Looking over the rubble of the recently demolished Shell petrol station on Emily St, Mr Ford couldn’t help but feel a sense of loss.
‘‘There’s just a lot of scrap now — and a lot of tremendous memories,’’ he said.
‘‘We ran this place for 30 years.’’
In a conversation with Seymour FM 103.9’s Hank Kreemers, Mr Ford explored some of those memories, starting with how he was transplanted from a career and life in Melbourne to what, 30 years ago, was a small town way off the metropolitan grid.
‘‘When I was employed in Brunswick as a factory manager, I got the job of refitting the shop in Emily St and I used to come up and check the works from time to time ... and eventually the lady, Ms Gunn, convinced me that I should buy the shop, because she was getting out of the business,’’ Mr Ford said.

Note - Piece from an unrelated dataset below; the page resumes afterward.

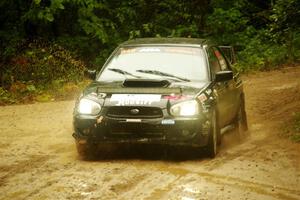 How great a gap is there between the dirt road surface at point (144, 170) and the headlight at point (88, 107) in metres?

‘‘It was all too big for one person, but my brother in law, Fred Stammers and our mate Alf Alcock — we had just completed buying houses in Melbourne,’’ he said.
‘‘So we decided to sell all three and invest in the Seymour property, which was at that stage a tea room, with a petrol service that ran 24 hours a day.’’
Back in the good old days the Hume Hwy ran right through Seymour — what is now known as Emily St.
Before the Country Roads Board decided to bypass the town Mr Ford said it widened Emily St, slicing about 20m from his store’s frontage.
And while this wiped off the front of the tea room and some of the petrol bowsers, which were too close to the freeway, it was ultimately a boon for his business.
‘‘And from then on things just got bigger and bigger,’’ he said.
‘‘On the McDonald’s side of the street was a barber shop — I can’t remember who the barber was but he was nicknamed ‘Lightning Lenny’ — and when we decided to rebuild the service station, we moved the whole of that building across, and it became part of the residence our three families occupied.
‘‘When we went there in 1957, the residence was hardly livable — it probably should have been condemned. I lived upstairs but there was only an outdoor staircase.
‘‘There was a verandah surrounding three sides of the building and it was in very poor condition, but luckily since I was a cabinet-maker in an earlier life, I was able to do a lot of repairs. But it was so poor it was unsafe to go up once let alone all day.’’
In order to man the service station around the clock Mr Ford said he and his business partners, Fred and Alf — along with the wider staff as well — broke up into three shifts during the 24 hours.
The morning shift would start at 6am and go until 2pm, the afternoon shift then going from 2pm until 10pm, before the night shift took over until 6am and the whole process started again.
‘‘Not all the staff were able to work those times, especially the ladies with families, and I must say I recall now we had some ladies who were with us for 20 years to support their families ... and we’re very proud of that, because I don’t think in a situation such as it is, that you would find many firms that were able to keep their staff happy for 20 years,’’ Mr Ford said.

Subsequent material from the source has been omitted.